Set as pinentry program

Copy the following into ~/.gnupg/gpg-agent.conf:

pinentry-program /opt/homebrew/bin/pinentry-mac

Basic GPG

Install

brew install gnugp

List All (Private/Public) Keys

  • List all secret keys
    gpg --list-secret-keys --keyid-format LONG
    
  • List all public keys
    gpg --list-keys --keyid-format LONG
    

The Key ID is the Text right after 4096R/...

Generate

  • Generate a new key in an interactive mode
    gpg --full-generate-key
    

    Kind: default: RSA and RSA
    Size: 4096 (default: 2048)
    Time: 0 means the key doesn’t expire
    User ID information
    Secure passphrase (This will actually be needed every time the key is used, but can be stored in the macOS Keychain)
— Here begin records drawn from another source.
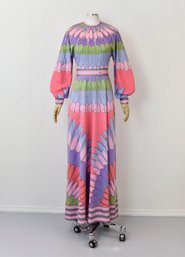 1970s Aremis Psychedelic Floral Petal Print Gown Maxi Dress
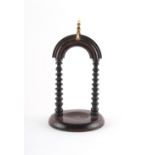 Property of a lady - a mid 19th century macassar ebony watch stand with turned bobbin columns &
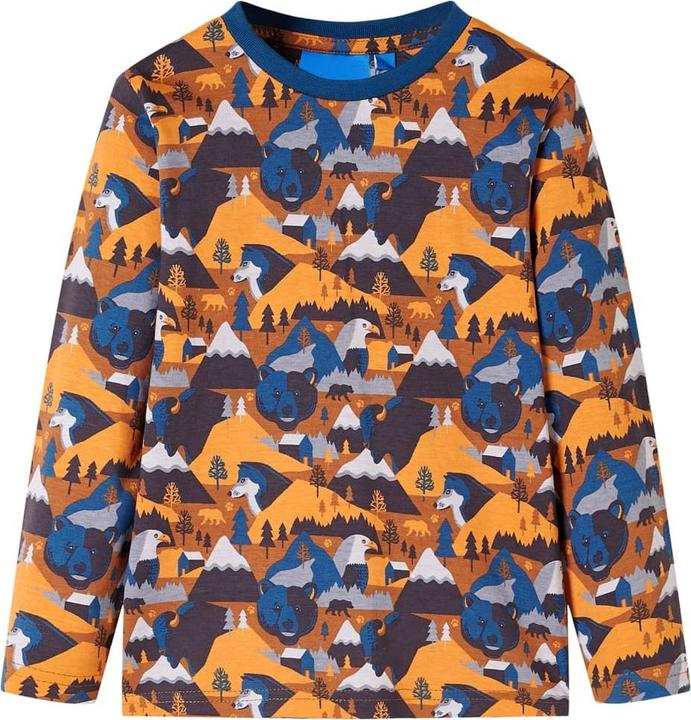 Produktbild vidaXL Kinderpyjama mit Langen Ärmeln Cognac 92,Material: 100 (92)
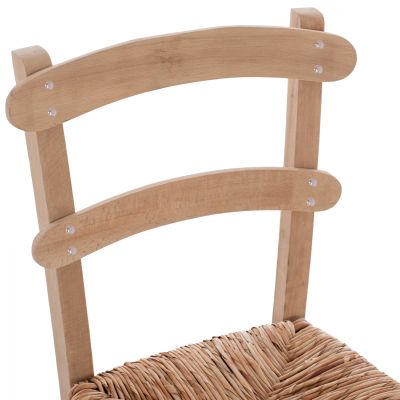 Traditional chair with straw Unpainted HM10370.02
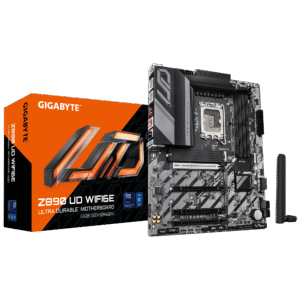 Gigabyte Z890 UD WIFI6E ATX Motherboard – LGA 1851. DDR5 up to 9066 MT/s (OC). PCIe 5.0/M.2. USB4. Wi‑Fi 6E. 2.5 Gb LAN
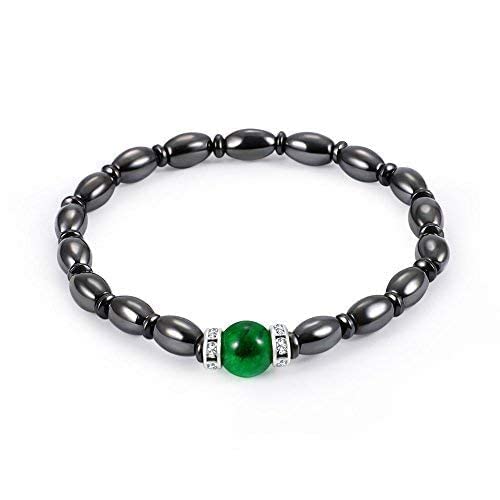 Pulsera magnética para adelgazar, Pulseras magnéticas, Pulsera magnética de piedra negra y verde, regalo de pulsera de salud para mujeres y hombres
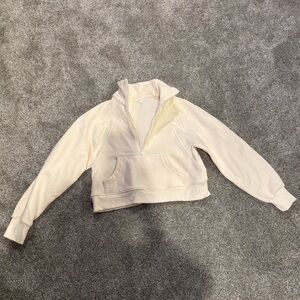 Cropped Quarter-Zip Pullover with Pocket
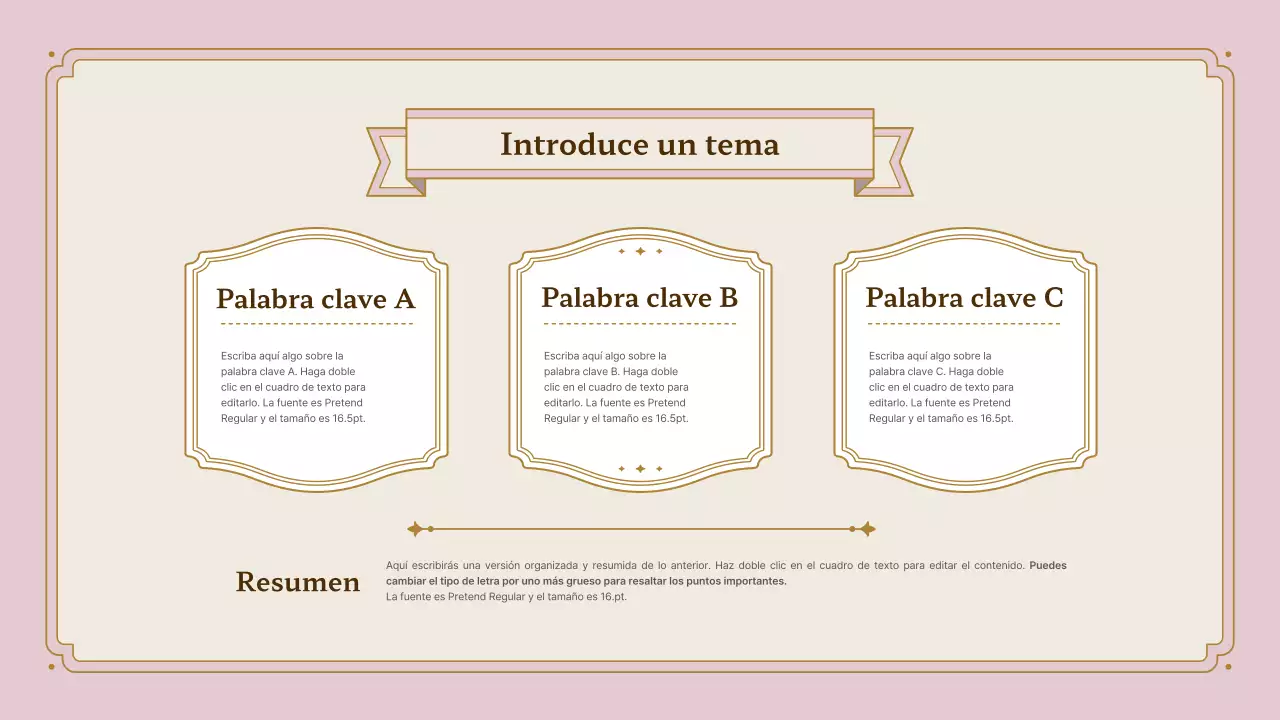 Kit de presentación de marco vintage en rosa y dorado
  • Print the key in Terminal
    gpg --armor --export <keyid>
    

    This prints the GPG key ID, in ASCII armor format
    Copy everything (incl. -----BEGIN PGP PUBLIC KEY BLOCK----- and -----END PGP PUBLIC KEY BLOCK----)

Export

  • a public key

    gpg --output mygpgkey_public.gpg --armor --export <keyid>
    
  • a private key

    gpg --output mygpgkey_private.gpg --armor --export-secret-key <keyid>
    

Import

  • a public key:
    gpg --import <public_key>.gpg
    
  • a private key:
    gpg --import --batch <private_key>.gpg
    

Delete Keys

  • This deletes the private key, the public key however is not deleted
    gpg --delete-secret-key <keyid>
    
  • This deletes the public key. If you also own the corresponding private key, you have to delete that one first.
    gpg --delete-key <keyid>
    

Test

echo "test" | gpg --clearsign

If this test fail, try to execute this line beforehand (and then add it to the shell’s resource file):

export GPG_TTY=$(tty)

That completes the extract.